Nous avons connu un épisode de sécheresse important en début de printemps, résorbé depuis. La question de la pénurie semble pourtant loin à la majorité des gens, car 90 % de notre eau potable provient du lac Léman, qui constitue le plus grand volume d’eau d’Europe. Pour le débit des rivières, la masse annuelle varie peu, mais la distribution des volumes selon les mois est différente. Ce phénomène est-il naturel ou bien procède-t-il de facteurs humains ? Avons-nous réalisé trop de prélèvements pour satisfaire des besoins économiques (industriels, agricoles, etc.) jusqu’à compromettre pour nos enfants le bon état des rivières ? Un observatoire va devoir être mis en place pour assurer la gouvernance et organiser les prélèvements par acteurs et activités.
Quels sont les enjeux auxquels votre organisation est confrontée ?
À l’heure actuelle, nous constatons que l’eau n’est souvent considérée que dans le cadre de la prestation qu’elle peut délivrer : être disponible au robinet, fournir des activités de loisirs comme la pêche ou la baignade… Nous devrions appréhender la ressource en eau comme un capital. Nos usages ne devraient porter que sur les intérêts de ce dernier sans impact sur le patrimoine de base qui devrait rester constant, en qualité comme en quantité.
Nous devrions appréhender la ressource en eau comme un capital. Nos usages ne devraient porter que sur les intérêts de ce dernier sans impact sur le patrimoine de base qui devrait rester constant, en qualité comme en quantité.
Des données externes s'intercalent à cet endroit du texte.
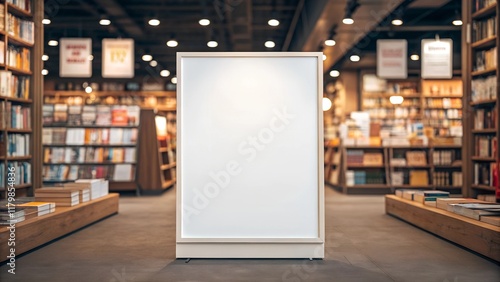 A clean, blank A2 poster mockup displayed in a cozy bookstore setting with warm lighting and wooden bookshelves. Ideal for showcasing advertisements or creative projects.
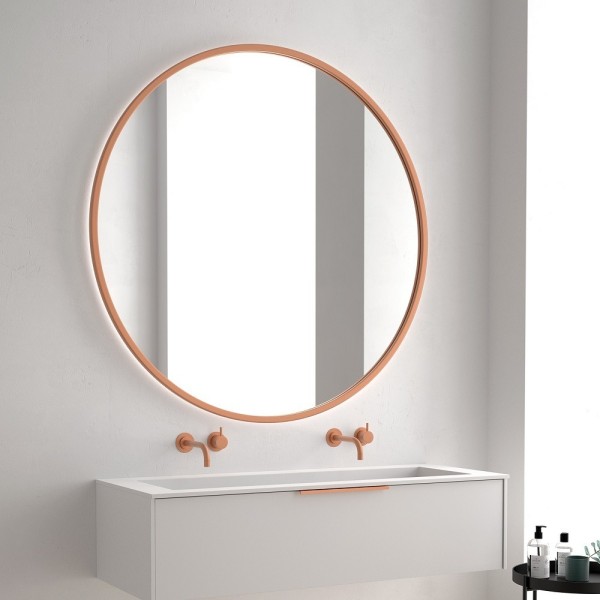 Specchio Retroilluminato Rotondo Cornice Color Rame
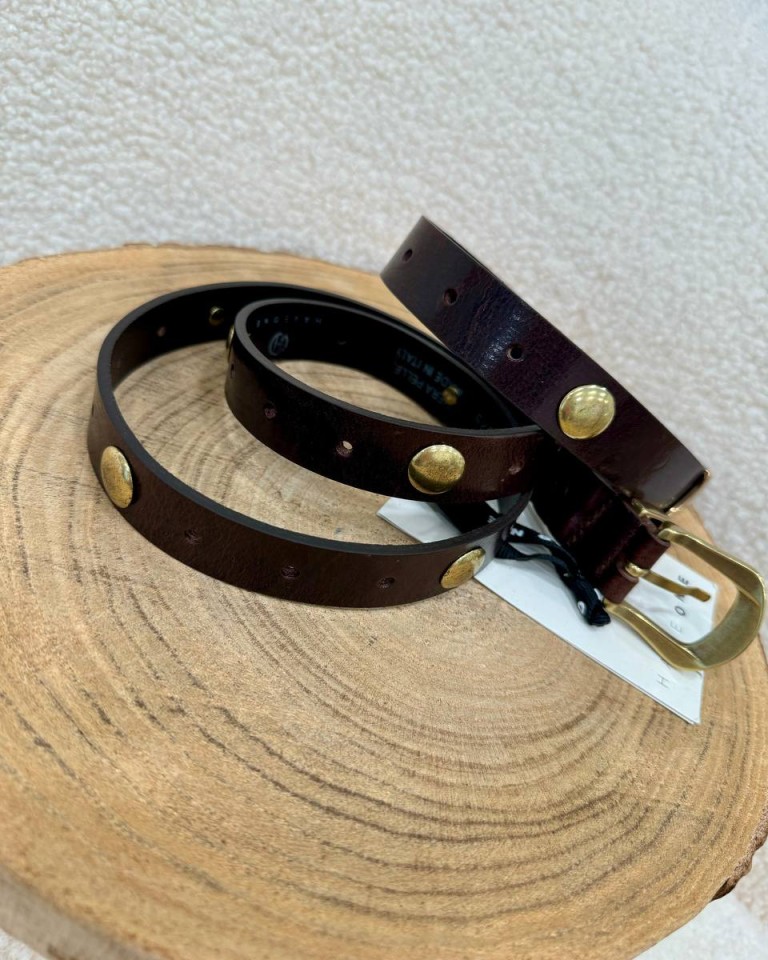 Cintura vera pelle borchie moro HaveOne Shop Online Cintura vera pelle borchie moro HaveOne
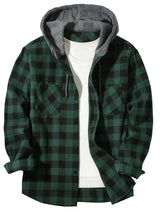 Youth Fashion Street Hooded Plaid Shirt Men's Slim Fit 2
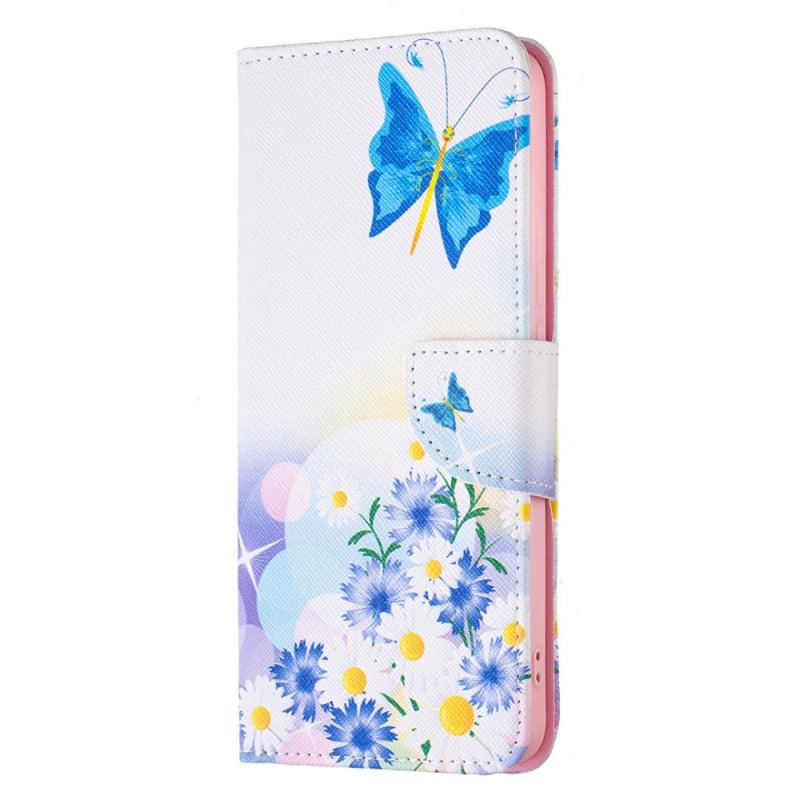 Capa Folio Para Xiaomi Redmi Note 11 Pro Plus 5G Borboletas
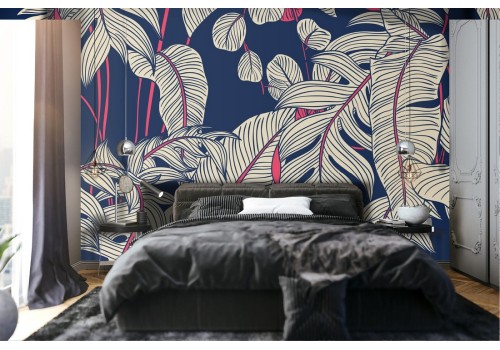 Stylized Tropical Leaves Wallpaper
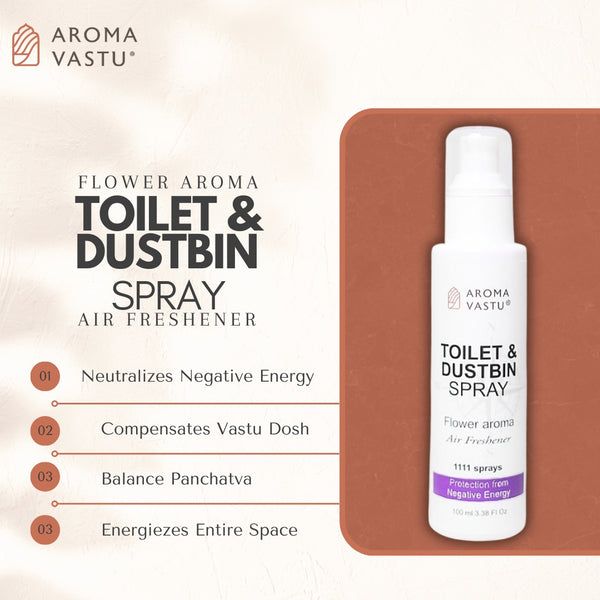 Toilet & Dustbin Spray - Freshness & Long - Lasting Fragrance for Home and Anywhere, Spreading Positive Energy, Best for Relaxation,Aroma Vastu       Works like Aromatherapy – 100ml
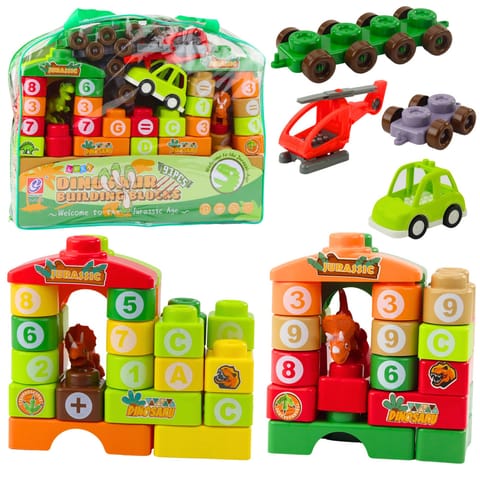 ⁨Klocki Konstrukcyjne Edukacyjne W Torbie Dinozaury Cyfry Litery 91 el.⁩ w sklepie Wasserman.eu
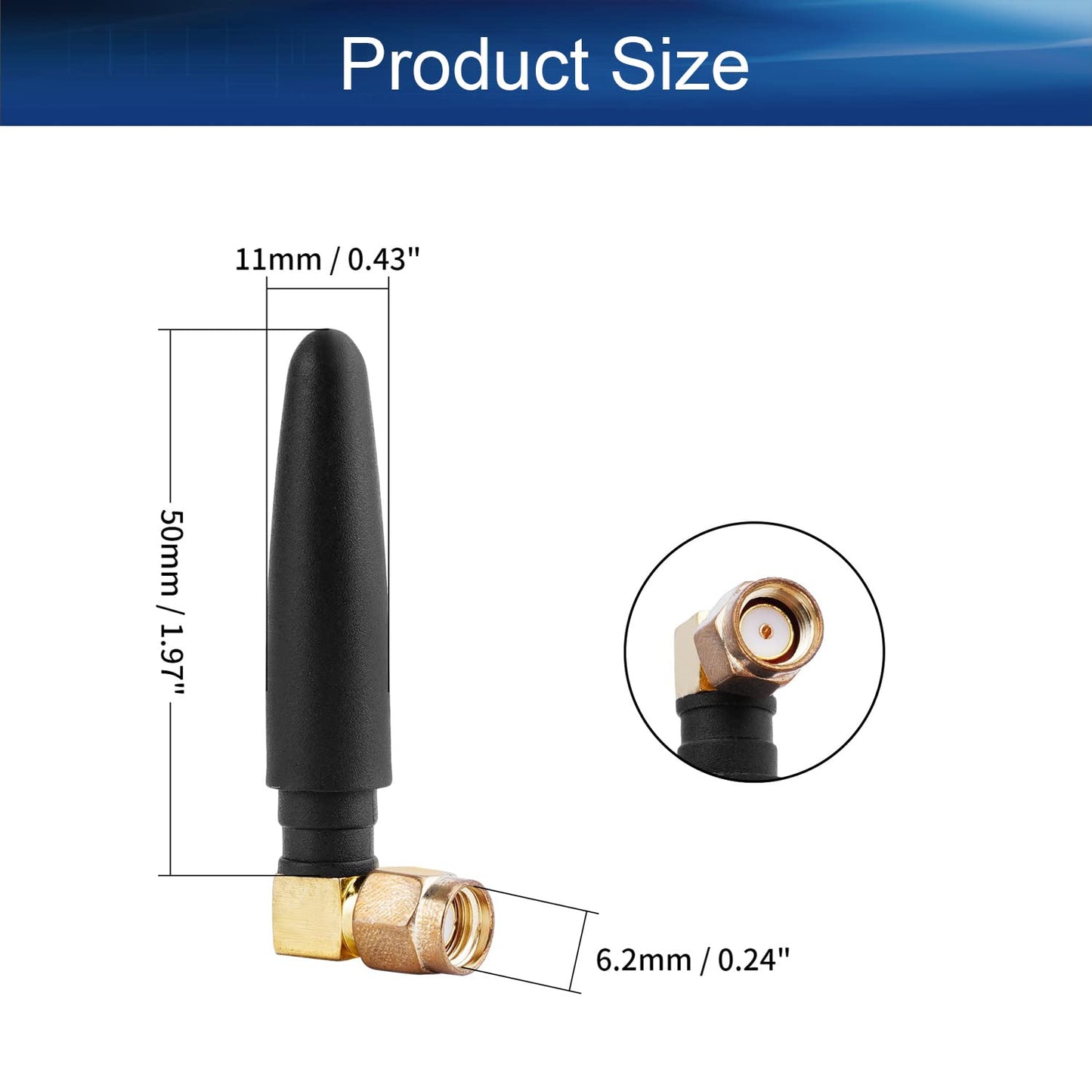 Othmro WiFi Antenna SMA Female 2dB 50mm,2.4GHz 5GHz Antenna for WiFi Router Booster with Bluetooth/Zigbee Antenna 1PCS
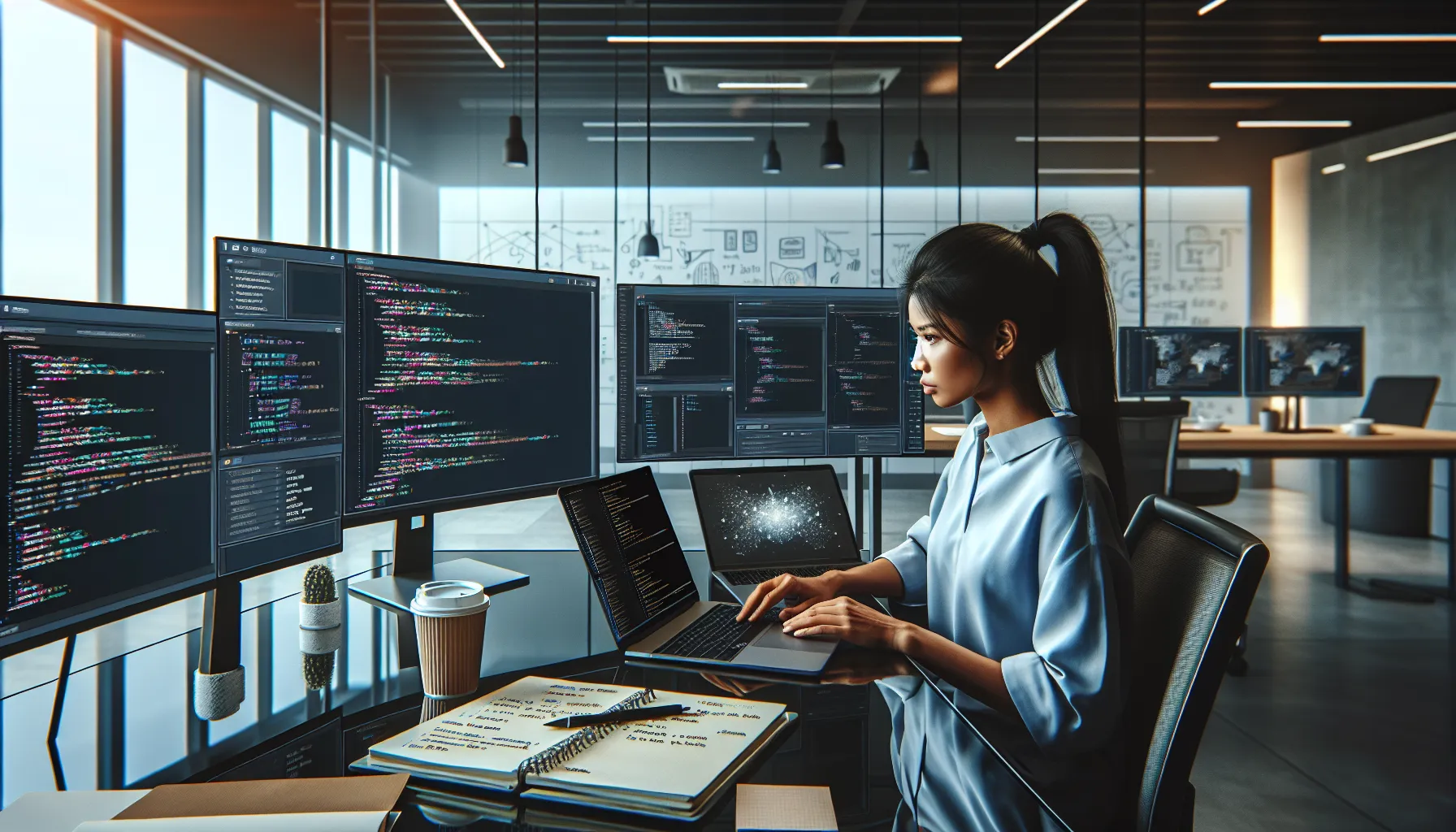 developer troubleshooting Genboostermark code in a modern office.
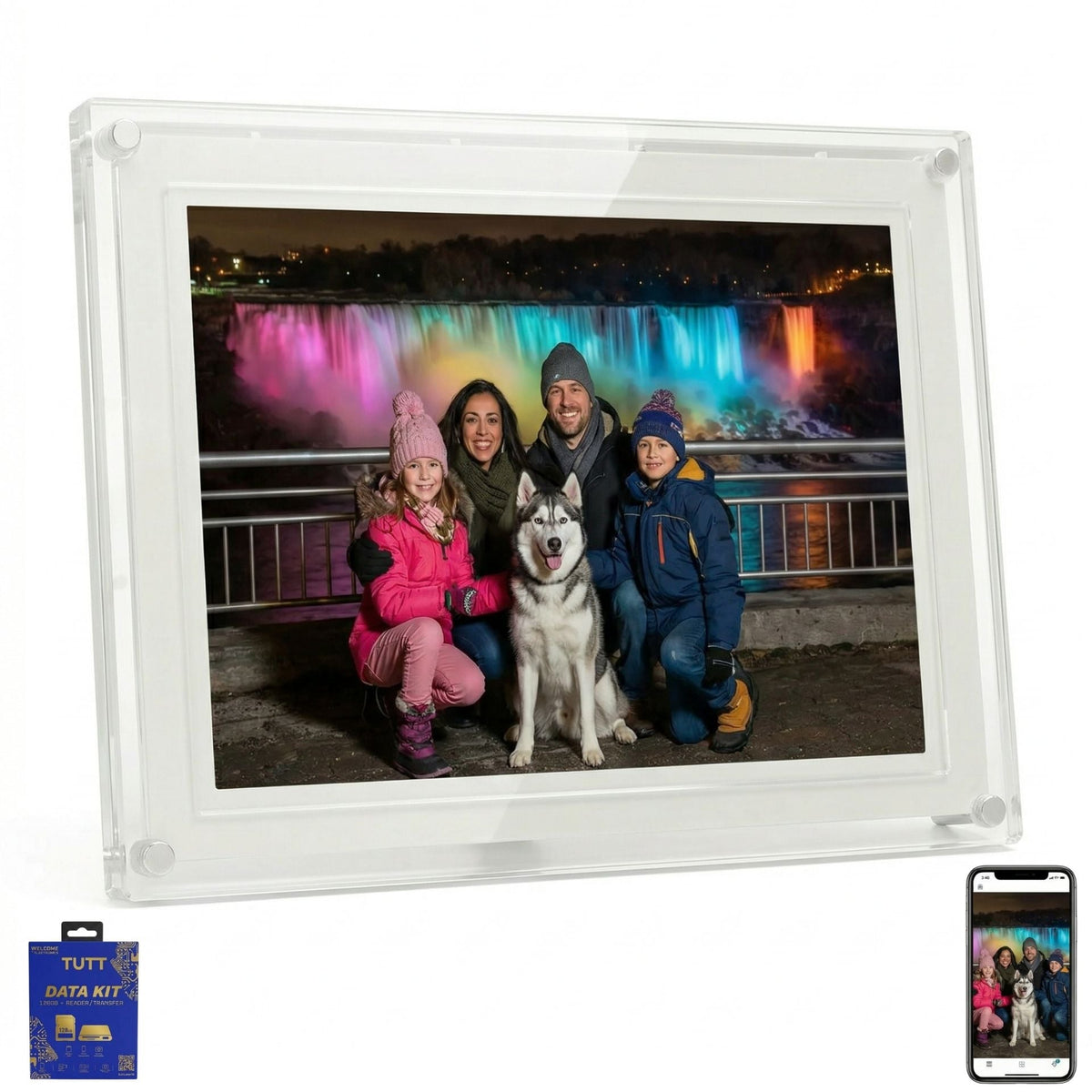 TUTT 10.1" Digital Photo Frame | Acrylic Clear Slim WiFi | IPS Touchscreen | 32GB Built-In Storage | Frameo App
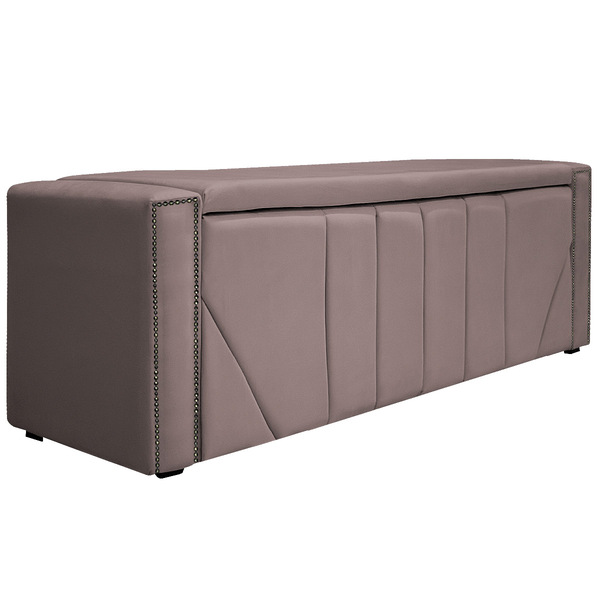 Calçadeira Baú Queen Minsk P02 160 Cm Para Cama Box Linho - A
Nous devons mieux anticiper et tout faire pour préserver ce capital. Actuellement, les technologies permettant de créer un réseau de chauffage et de rafraîchissement des quartiers urbains, en utilisant la température de l’eau du lac se développent. Mais quelles seront les conséquences de rétroaction d’un tel système sur la température des eaux du lac ? Avec la Cipel – Commission internationale pour la Protection des Eaux du Léman -, nous mettons en place un observatoire qui va établir les indicateurs et aider à prendre les décisions qui limiteront l’impact sur notre ressource en eau.
Par ailleurs, on considère que 50 tonnes de plastique rejoignent les eaux du lac Léman chaque année. 10 % de ce volume partira dans le Rhône, sous forme de microplastiques, qui ira se déposer dans les sédiments de Camargue, dans le golfe du Lion… On estime que 30 % de ces 50 tonnes de plastique sont issus des poussières de pneumatiques. Il y a donc à développer des alternatives.
Quelles sont les conséquences du réchauffement climatique sur votre territoire ?
Nous observons des modifications des populations animales ou végétales. Outre le cas des espèces invasives, il reste difficile de déterminer si ces changements proviennent de pulsations climatiques normales ou sont à imputer à d’autres facteurs sous influence anthropique.
Enfin, la Cour des comptes de Genève s’est auto saisie de la question de la ressource en eau potable : elle appelle à une planification transfrontalière. Pour l’avenir, nous devons réfléchir à croiser et interconnecter nos réseaux, malgré la frontière. Cela soulève des questions techniques, juridiques, financières… Le Sénégal et la Mauritanie l’expérimente. La Suisse et la France devraient elles aussi pouvoir montrer l’exemple dans ce domaine.